» Work item: Include the line containing "Diger Apli Ataç Tutucu Pembe Mıknatıslı" and every line after it up to the end of the material below; reproduce them exactly and drop the pictures.

» Data:
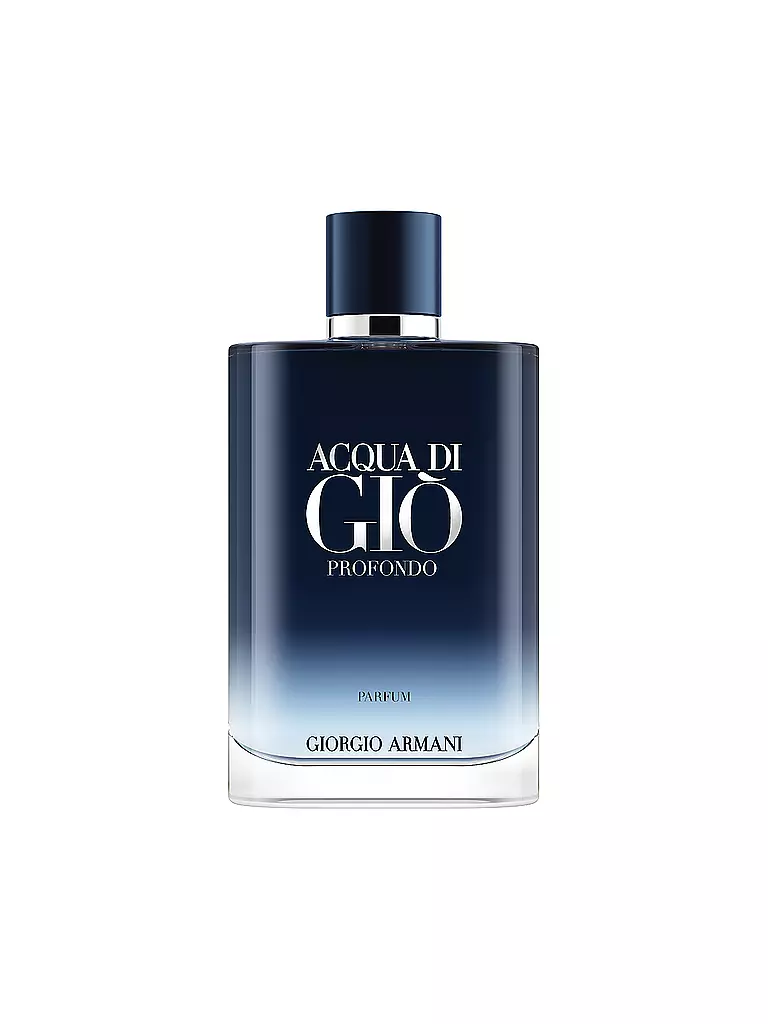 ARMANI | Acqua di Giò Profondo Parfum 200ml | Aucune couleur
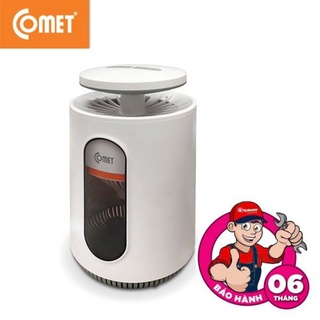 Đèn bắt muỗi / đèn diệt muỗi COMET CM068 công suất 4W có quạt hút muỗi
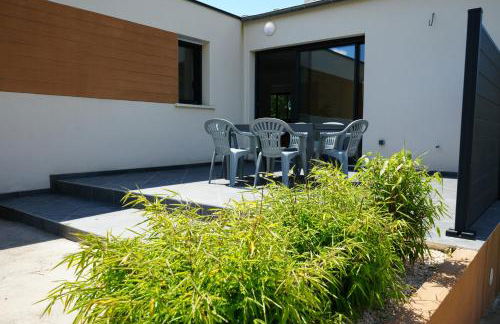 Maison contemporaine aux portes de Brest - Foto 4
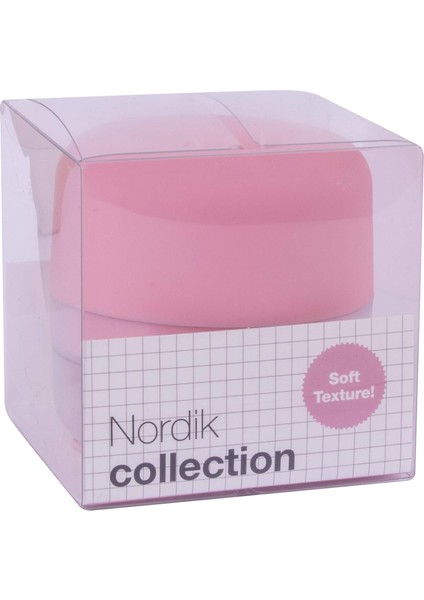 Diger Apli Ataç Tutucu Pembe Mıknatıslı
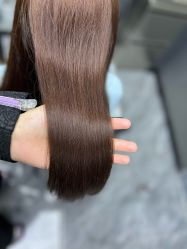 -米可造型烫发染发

» Response area:
 Diger Apli Ataç Tutucu Pembe Mıknatıslı
 -米可造型烫发染发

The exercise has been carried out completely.